(Items listed in a dataset)
◆ ◆ ◆ ◆ ◆ ◆ ◆
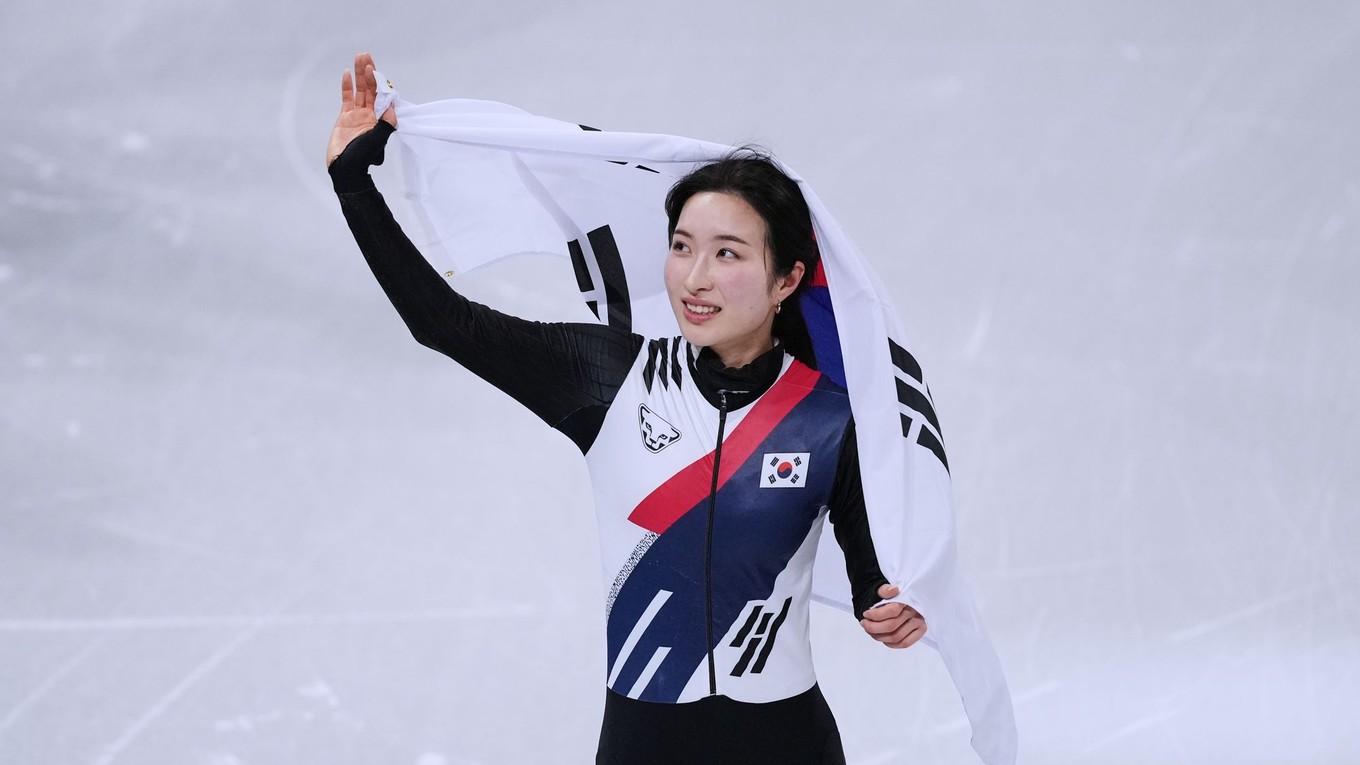 Reprezentantka Kórejskej republiky Kim Kil-li sa teší po zisku zlata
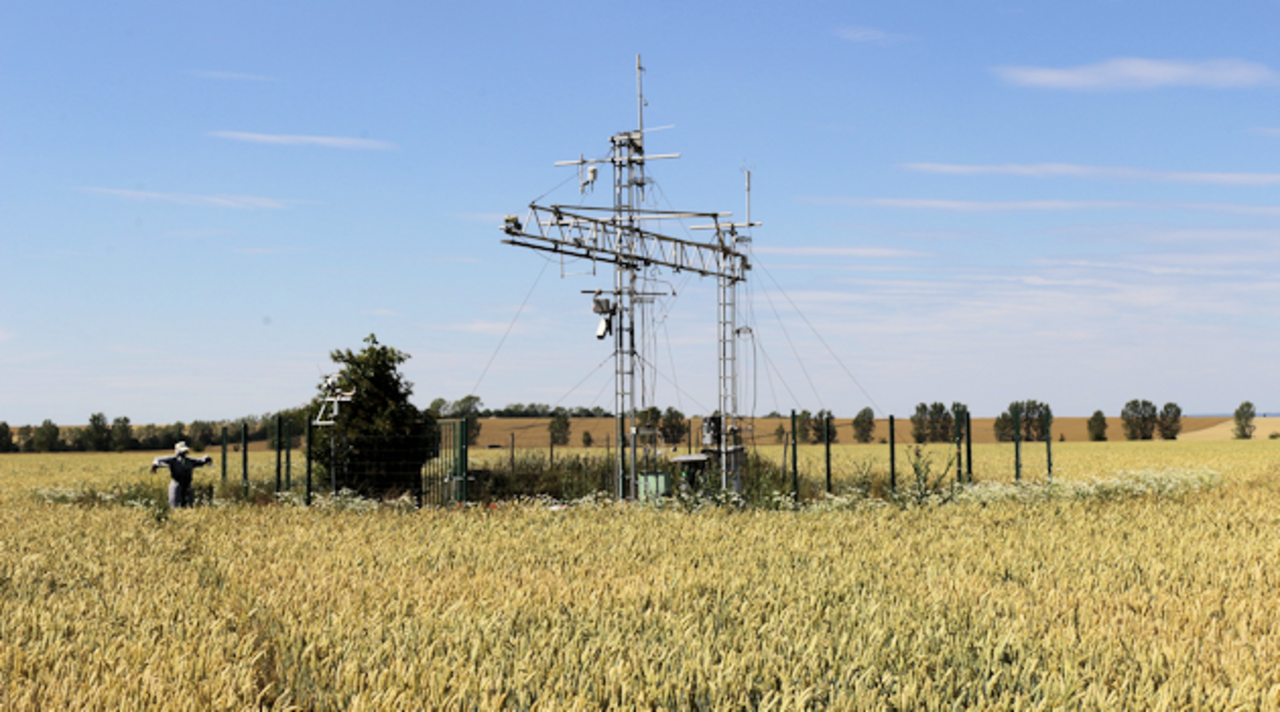 Flux tower with greenhouse gas measurements at the Gebesee agricultural site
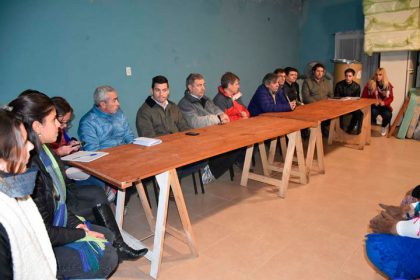 Guillermo Britos y su gabinete se reunieron con vecinos del Barrio Cielos del Sur Guillermo Britos y su gabinete se reunieron con vecinos del Barrio Cielos del Sur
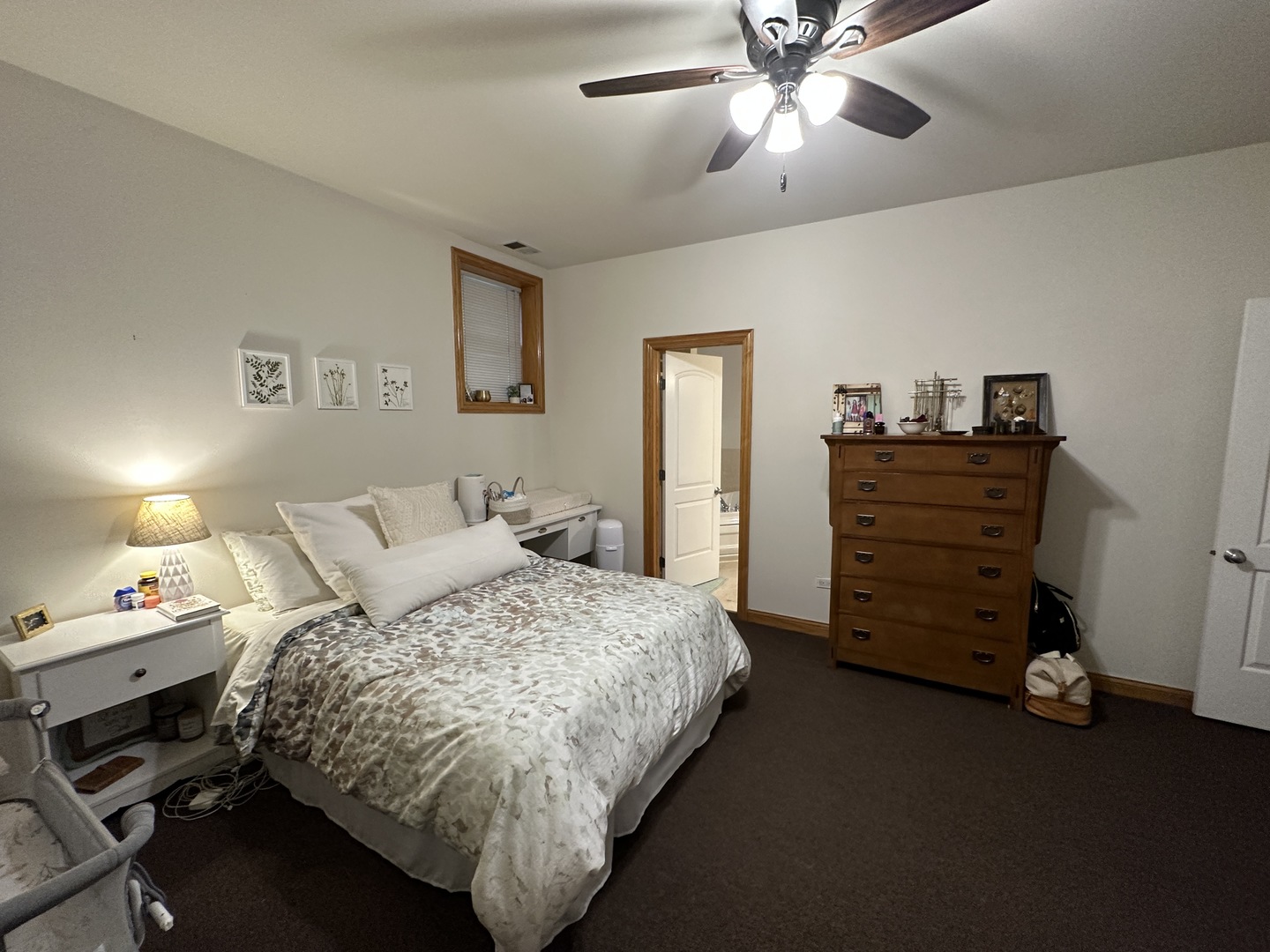 4726 N WINTHROP Avenue #G, Chicago, IL 60640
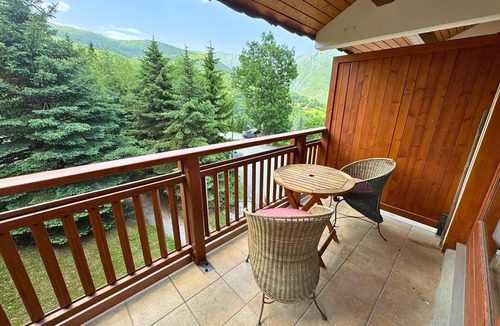 Saint-Martin-de-Belleville Apartment | Bright Duplex for 6, 50m from St Martin Ski Lift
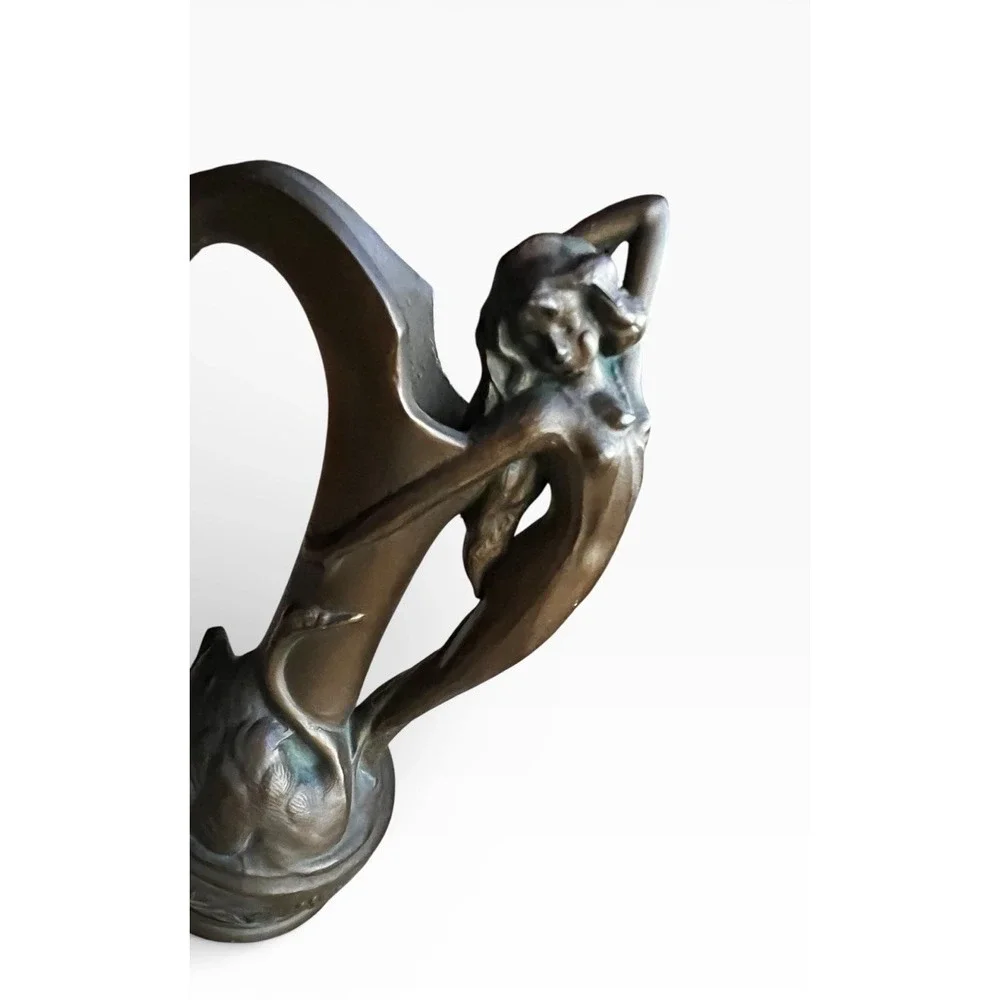 N/A striking art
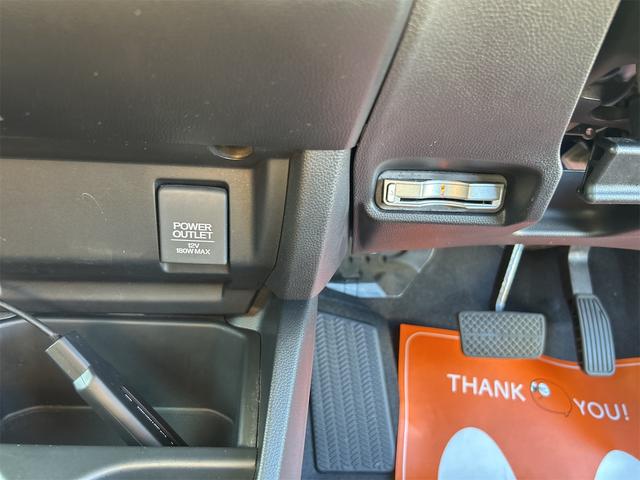 フィット １３Ｇ・Ｆパッケージ　ＥＴＣ　ナビ　衝突被害軽減システム　アルミホイール　スマートキー　アイドリングストップ　電動格納ミラー　フルフラット　ＣＶＴ　盗難防止システム　衝突安全ボディ　ＡＢＳ　ＥＳＣ　ＵＳＢ（28枚目）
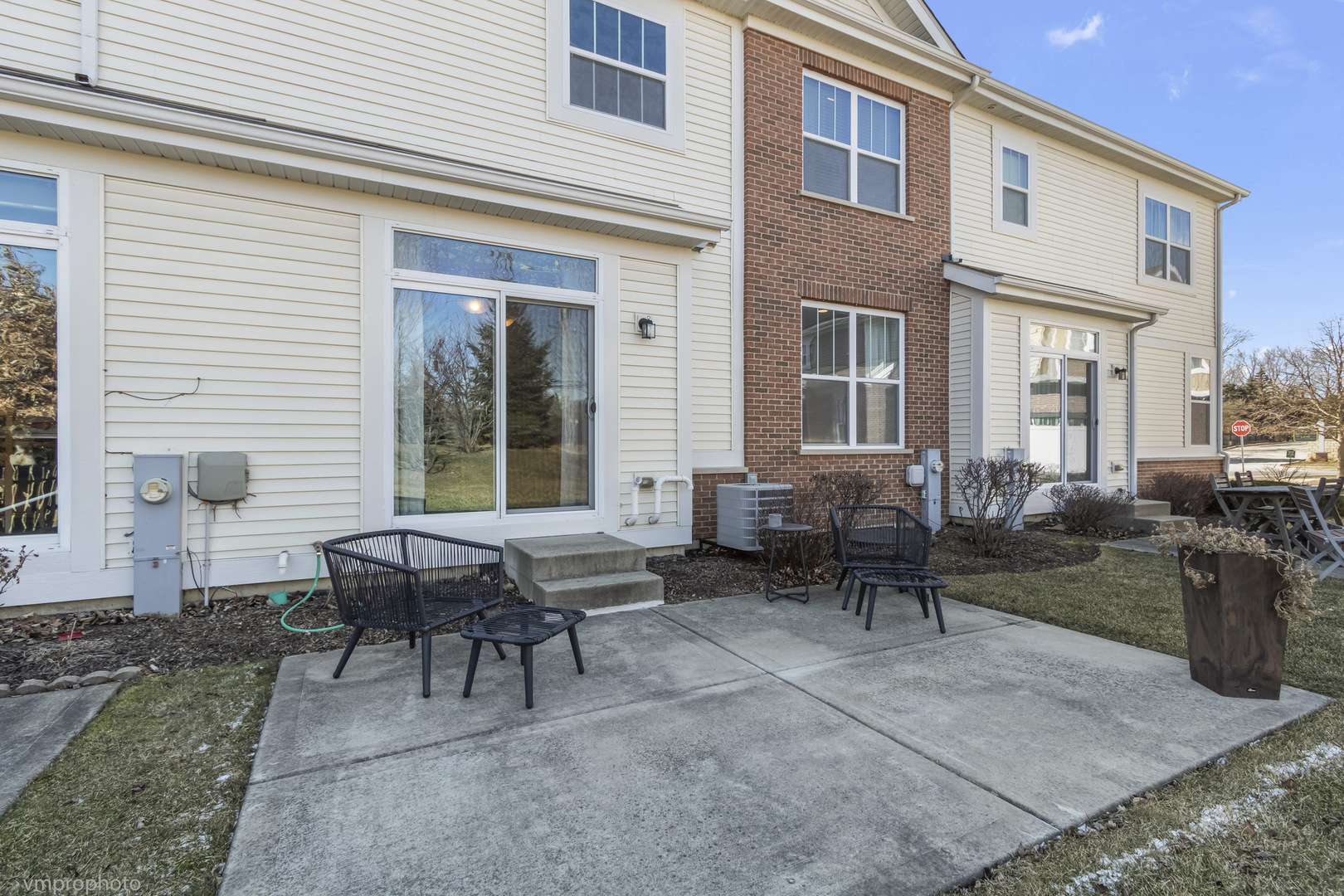 28 E Moseley Road, Palatine, IL 60074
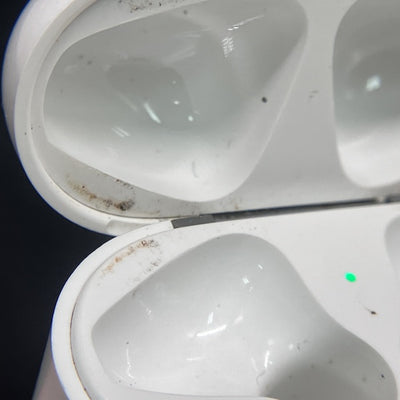【中古】AirPods with Charging Case MV7N2J/A【秋葉原】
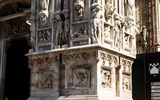 Milano - adventní víkend v Itálii 2019 - Itálie - Milán - katedrála, reliéfy na portále - zleva Vyhnání z ráje a Hrozny země zaslíbené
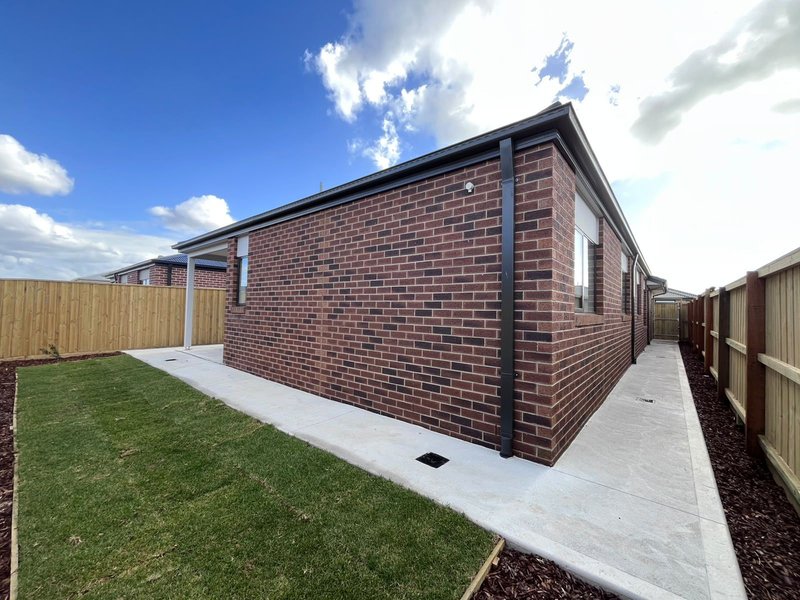 Photo - 28 Farleigh Drive, Tarneit VIC 3029 - Image 18
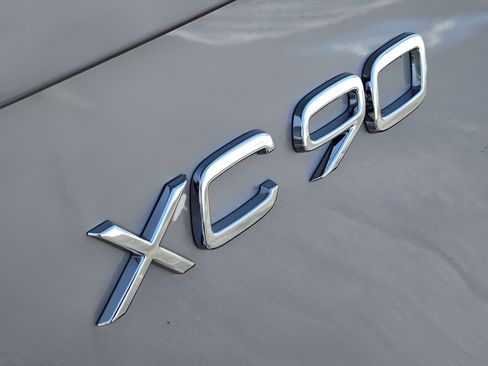 Certified 2026 Volvo XC90 B6 Plus w/ Protection Package Premier AWD/4WD image 29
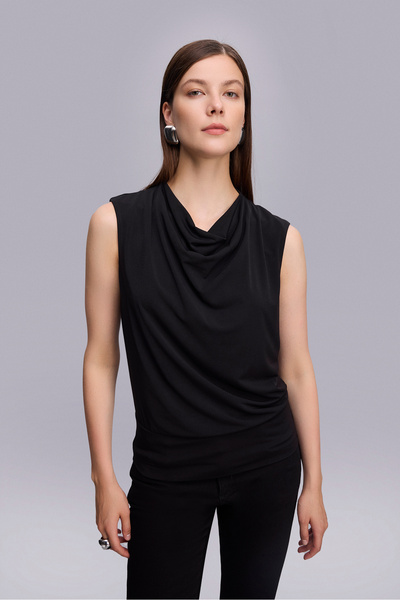 Naramaxx Degaje Yaka Örme Siyah Bluz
◆ ◆ ◆ ◆ ◆ ◆ ◆
*Task goal*
What you return must match the lines from the top of the data through the line with "N/A striking art" exactly, with the pictures removed.

*Exercise output*
 Reprezentantka Kórejskej republiky Kim Kil-li sa teší po zisku zlata
 Flux tower with greenhouse gas measurements at the Gebesee agricultural site
 Guillermo Britos y su gabinete se reunieron con vecinos del Barrio Cielos del Sur Guillermo Britos y su gabinete se reunieron con vecinos del Barrio Cielos del Sur
 4726 N WINTHROP Avenue #G, Chicago, IL 60640
 Saint-Martin-de-Belleville Apartment | Bright Duplex for 6, 50m from St Martin Ski Lift
 N/A striking art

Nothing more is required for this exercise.